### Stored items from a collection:
+ + + +

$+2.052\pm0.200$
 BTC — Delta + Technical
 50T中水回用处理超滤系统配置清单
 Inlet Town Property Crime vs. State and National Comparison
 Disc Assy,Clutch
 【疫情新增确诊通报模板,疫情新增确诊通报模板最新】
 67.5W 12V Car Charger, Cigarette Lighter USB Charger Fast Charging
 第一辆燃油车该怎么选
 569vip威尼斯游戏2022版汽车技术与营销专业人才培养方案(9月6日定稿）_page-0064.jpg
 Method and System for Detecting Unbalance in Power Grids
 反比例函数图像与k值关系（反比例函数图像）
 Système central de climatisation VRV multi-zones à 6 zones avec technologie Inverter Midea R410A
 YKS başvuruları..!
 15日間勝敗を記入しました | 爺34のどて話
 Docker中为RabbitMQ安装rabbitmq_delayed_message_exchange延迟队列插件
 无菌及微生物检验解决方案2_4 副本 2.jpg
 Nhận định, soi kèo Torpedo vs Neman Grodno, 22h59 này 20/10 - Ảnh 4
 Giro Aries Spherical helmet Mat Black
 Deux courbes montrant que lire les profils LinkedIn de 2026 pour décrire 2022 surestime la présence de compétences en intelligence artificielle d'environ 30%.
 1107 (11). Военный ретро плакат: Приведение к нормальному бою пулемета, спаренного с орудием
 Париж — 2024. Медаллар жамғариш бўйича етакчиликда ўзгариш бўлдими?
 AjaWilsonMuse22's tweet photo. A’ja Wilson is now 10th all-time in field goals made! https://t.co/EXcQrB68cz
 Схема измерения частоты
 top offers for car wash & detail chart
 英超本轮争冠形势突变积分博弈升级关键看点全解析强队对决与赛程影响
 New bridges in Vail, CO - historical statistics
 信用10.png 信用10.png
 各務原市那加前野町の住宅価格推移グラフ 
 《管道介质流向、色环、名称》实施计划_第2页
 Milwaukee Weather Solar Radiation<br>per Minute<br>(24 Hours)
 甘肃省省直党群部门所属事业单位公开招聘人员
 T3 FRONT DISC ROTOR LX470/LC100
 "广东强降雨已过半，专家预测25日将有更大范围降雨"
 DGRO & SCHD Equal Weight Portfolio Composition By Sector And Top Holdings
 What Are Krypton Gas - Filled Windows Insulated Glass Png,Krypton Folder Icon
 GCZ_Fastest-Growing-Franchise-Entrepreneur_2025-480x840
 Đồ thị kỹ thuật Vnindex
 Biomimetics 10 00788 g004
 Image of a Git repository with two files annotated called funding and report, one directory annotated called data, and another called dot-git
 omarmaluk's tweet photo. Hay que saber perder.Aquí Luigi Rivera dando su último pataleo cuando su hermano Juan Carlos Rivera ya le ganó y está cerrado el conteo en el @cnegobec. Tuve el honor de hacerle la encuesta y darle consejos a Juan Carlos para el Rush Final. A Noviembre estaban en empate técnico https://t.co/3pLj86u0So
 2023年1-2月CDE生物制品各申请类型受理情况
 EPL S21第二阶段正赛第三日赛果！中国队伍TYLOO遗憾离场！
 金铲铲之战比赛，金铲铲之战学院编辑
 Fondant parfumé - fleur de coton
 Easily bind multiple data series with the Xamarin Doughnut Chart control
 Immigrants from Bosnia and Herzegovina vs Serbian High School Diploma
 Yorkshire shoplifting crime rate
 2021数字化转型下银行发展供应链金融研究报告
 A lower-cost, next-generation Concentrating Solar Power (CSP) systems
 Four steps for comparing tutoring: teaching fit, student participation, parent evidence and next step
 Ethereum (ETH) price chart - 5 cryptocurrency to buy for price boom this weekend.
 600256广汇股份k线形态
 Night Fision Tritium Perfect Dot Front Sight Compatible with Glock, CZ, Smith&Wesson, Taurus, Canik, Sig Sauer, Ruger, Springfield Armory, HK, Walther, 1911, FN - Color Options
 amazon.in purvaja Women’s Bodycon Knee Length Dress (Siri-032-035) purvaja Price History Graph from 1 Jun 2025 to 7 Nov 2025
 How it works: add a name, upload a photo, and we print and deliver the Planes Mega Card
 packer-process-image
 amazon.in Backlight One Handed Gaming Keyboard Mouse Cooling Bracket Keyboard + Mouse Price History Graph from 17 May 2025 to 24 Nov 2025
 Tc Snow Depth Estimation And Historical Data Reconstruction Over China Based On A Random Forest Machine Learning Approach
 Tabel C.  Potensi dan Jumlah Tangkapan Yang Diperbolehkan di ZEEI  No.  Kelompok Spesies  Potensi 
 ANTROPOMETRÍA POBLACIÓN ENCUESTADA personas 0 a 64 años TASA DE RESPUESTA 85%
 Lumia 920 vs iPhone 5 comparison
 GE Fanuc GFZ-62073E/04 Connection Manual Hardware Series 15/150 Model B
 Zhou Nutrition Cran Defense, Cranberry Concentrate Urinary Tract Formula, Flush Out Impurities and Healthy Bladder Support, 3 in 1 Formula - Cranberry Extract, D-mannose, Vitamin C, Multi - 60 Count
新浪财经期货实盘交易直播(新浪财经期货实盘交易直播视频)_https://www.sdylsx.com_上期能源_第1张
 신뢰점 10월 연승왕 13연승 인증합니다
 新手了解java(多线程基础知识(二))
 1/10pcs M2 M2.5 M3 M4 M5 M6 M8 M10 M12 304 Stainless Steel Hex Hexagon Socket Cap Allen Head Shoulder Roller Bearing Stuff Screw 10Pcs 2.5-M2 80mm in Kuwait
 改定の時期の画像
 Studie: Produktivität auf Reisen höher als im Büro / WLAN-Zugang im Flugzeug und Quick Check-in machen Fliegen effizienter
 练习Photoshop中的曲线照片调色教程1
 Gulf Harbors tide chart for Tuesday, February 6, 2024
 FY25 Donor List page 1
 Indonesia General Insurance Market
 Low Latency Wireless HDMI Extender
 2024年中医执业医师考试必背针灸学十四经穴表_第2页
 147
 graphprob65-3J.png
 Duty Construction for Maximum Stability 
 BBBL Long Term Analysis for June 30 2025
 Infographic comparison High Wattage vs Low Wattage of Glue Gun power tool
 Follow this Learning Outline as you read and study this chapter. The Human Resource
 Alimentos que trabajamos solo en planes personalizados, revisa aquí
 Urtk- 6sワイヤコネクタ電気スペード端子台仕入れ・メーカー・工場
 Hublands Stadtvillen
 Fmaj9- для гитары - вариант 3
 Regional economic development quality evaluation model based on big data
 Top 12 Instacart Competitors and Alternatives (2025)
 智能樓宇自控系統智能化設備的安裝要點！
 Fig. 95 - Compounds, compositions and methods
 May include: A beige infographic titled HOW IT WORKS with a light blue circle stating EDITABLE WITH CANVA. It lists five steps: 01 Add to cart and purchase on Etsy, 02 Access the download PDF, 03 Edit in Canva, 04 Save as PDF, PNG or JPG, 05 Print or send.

+ + + +

### Task instructions:
What lines above contain the word "History"? Return each such line.

### Written answer:
 amazon.in purvaja Women’s Bodycon Knee Length Dress (Siri-032-035) purvaja Price History Graph from 1 Jun 2025 to 7 Nov 2025
 amazon.in Backlight One Handed Gaming Keyboard Mouse Cooling Bracket Keyboard + Mouse Price History Graph from 17 May 2025 to 24 Nov 2025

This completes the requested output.